The city is expected to select a $3.6 million bid from D.A. Sullivan & Sons to move a former doctor's building on State Road and renovate it into an administration building, with amenities that include a new restaurant, public restrooms and offices.
The lowest bid to renovate the building vastly exceeded the initial $2.1 million estimates; however, the bid still offers a substantial savings over what was initially envisioned for a new $4 million building.
"It is what it is. It's a little bit of an unknown; we're talking about moving a building," said city Administrative Officer Michael Canales.
How the city will pay an obligatory 5 percent of the project remains to be seen.
In 2016, the city announced it had won a $4 million grant through the Massachusetts Department of Transportation for the construction of a new airport administration building, coupled with a $200,000 city match.
But in the months afterward, the city formulated a plan to instead construct a new space within the vacant former Northern Berkshire Family Practice building, which already sits on city-owned land in front of the airport.
The belief was that, not only would building re-use cut costs, it also would better fit the aesthetic of the airport.
The building itself was donated to the city by Berkshire Health Systems, which acquired it through the bankruptcy of the former Northern Berkshire Healthcare in 2014.
To facilitate the plan, the building first has to be moved about 580 feet south along Bud Dougherty Drive, commonly called Airport Road.
Because most of the construction is slated to be done inside, work should be able to continue through the winter. The administrative building still is expected to open in spring 2019.

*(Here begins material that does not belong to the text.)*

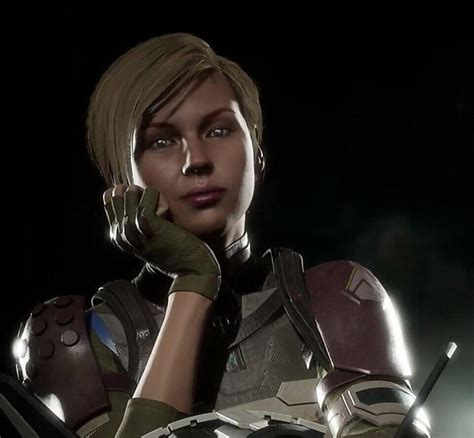 Mortal Kombat 11 Cassie Cage Cassie Cage Klassic Mortal Kombat 11 Hd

Harry Patten, owner of airport business Turboprop East, had pledged up to $200,000 when the grant was first announced to cover the city's matching share — which, under the terms of the grant, is 5 percent. In exchange for his pledge, the city agreed to give Patten naming rights to the building.
But in a letter to the mayor this summer, Patten withdrew his pledge, as the Airport Commission became mired in controversy regarding a lease to convicted felon Alex Kelly, owner of a Bennington, Vt.-based skydiving and flight instruction businesses.
Mayor Thomas Bernard met with this summer with Patten, who remained committed to withdrawing the pledge — but also that he would keep an eye on airport operations.
"I don't know that the door has fully closed, [but] I don't know that he has changed his mind," Bernard said.
Patten could not be reached for comment Wednesday.
Bernard said the city is "still looking at options" for funding if Patten remains committed to withdrawing his pledge.
"We're committed to the project, so we'll have to look at what we can do to fund it," Bernard said.